On the multiday haze in the Asian continental outflow: the important role of synoptic conditions combined with regional and local sources
- 1Green City Technology Institute, Korea Institute of Science and Technology, Seoul 02792, South Korea
- 2School of Earth and Environmental Sciences, Seoul National University, Seoul 08826, South Korea
- 3Department of Earth Science Education, Chungbuk National University, Cheongju 28644, South Korea
- 4Department of Environmental Engineering, Chosun University, Gwangju 61452, South Korea
- 5Division of Resource and Energy Assessment, Korea Environment Institute, Sejong 30147, South Korea
Abstract. The air quality of the megacities in populated and industrialized regions like East Asia is affected by both local and regional emission sources. The combined effect of regional transport and local emissions on multiday haze was investigated through a synthetic analysis of PM2. 5 sampled at both an urban site in Seoul, South Korea and an upwind background site on Deokjeok Island over the Yellow Sea during a severe multiday haze episode in late February 2014. Inorganic components and carbonaceous species of daily PM2. 5 samples were measured, and gaseous pollutants, local meteorological factors, and synoptic meteorological conditions were also determined. A dominance of fine-mode particles (PM2. 5 ∕ PM10 ∼ 0.8), a large secondary inorganic fraction (76 %), high OC ∕ EC (> 7), and highly oxidized aerosols (oxygen-to-carbon ratio of ∼ 0.6 and organic-mass-to-carbon ratio of ∼ 1.9) under relatively warm, humid, and stagnant conditions characterize the multiday haze episode in Seoul; however, the early and late stages of the episode show different chemical compositions of PM2. 5. High concentrations of sulfate in both Seoul and the upwind background in the early stage suggest a significant regional influence on the onset of the multiday haze.

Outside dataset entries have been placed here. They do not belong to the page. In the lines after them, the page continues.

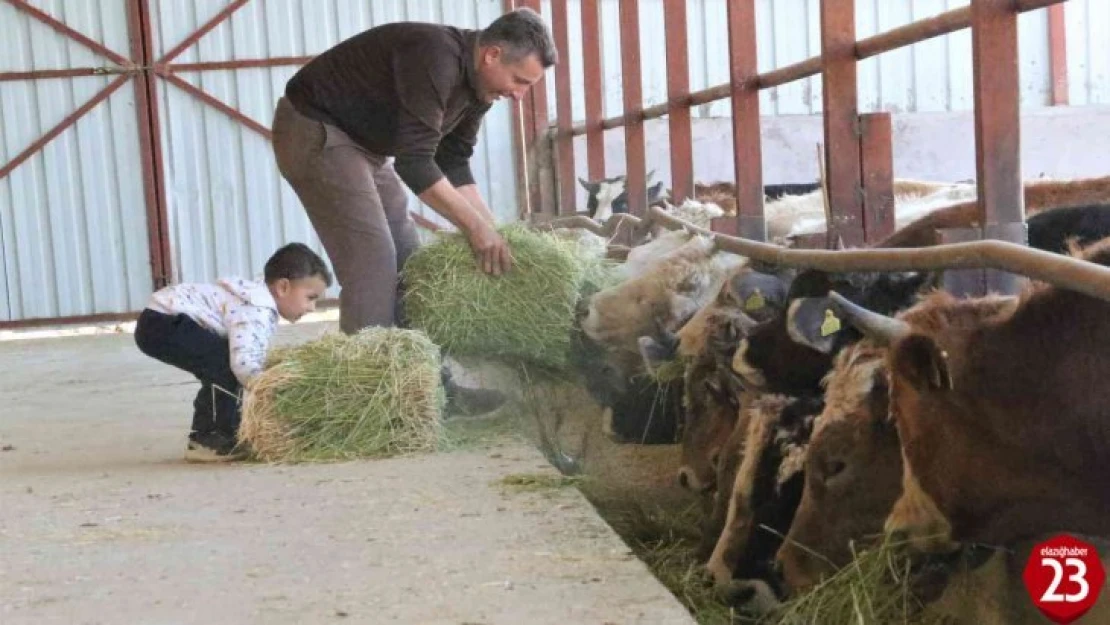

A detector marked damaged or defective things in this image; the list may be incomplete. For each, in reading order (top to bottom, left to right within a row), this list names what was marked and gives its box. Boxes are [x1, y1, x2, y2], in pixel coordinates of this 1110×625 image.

rusty metal post [550, 0, 577, 215]
rusty metal post [577, 0, 603, 180]
rusty metal post [621, 0, 648, 216]
rusty metal post [661, 0, 688, 203]
rusty metal post [723, 0, 768, 242]
rusty metal post [816, 0, 865, 248]
rusty metal post [856, 111, 892, 243]
rusty metal post [976, 0, 1025, 295]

At the same time, high concentrations of nitrate and organic compounds in Seoul, which are local and highly correlated with meteorological factors, suggest the contribution of local emissions and secondary formation under stagnant meteorological conditions to the haze. A slow eastward-moving high-pressure system from southern China to the East China Sea induces the regional transport of aerosols and potential gaseous precursors for secondary aerosols from the North China Plain in the early stage but provides stagnant conditions conducive to the accumulation and the local formation of aerosols in the late stage. A blocking ridge over Alaska that developed during the episode hinders the zonal propagation of synoptic-scale systems and extends the haze period to several days. This study provides chemical insights into haze development sequentially by regional transport and local sources, and shows that the synoptic condition plays an important role in the dynamical evolution of long-lasting haze in the Asian continental outflow region.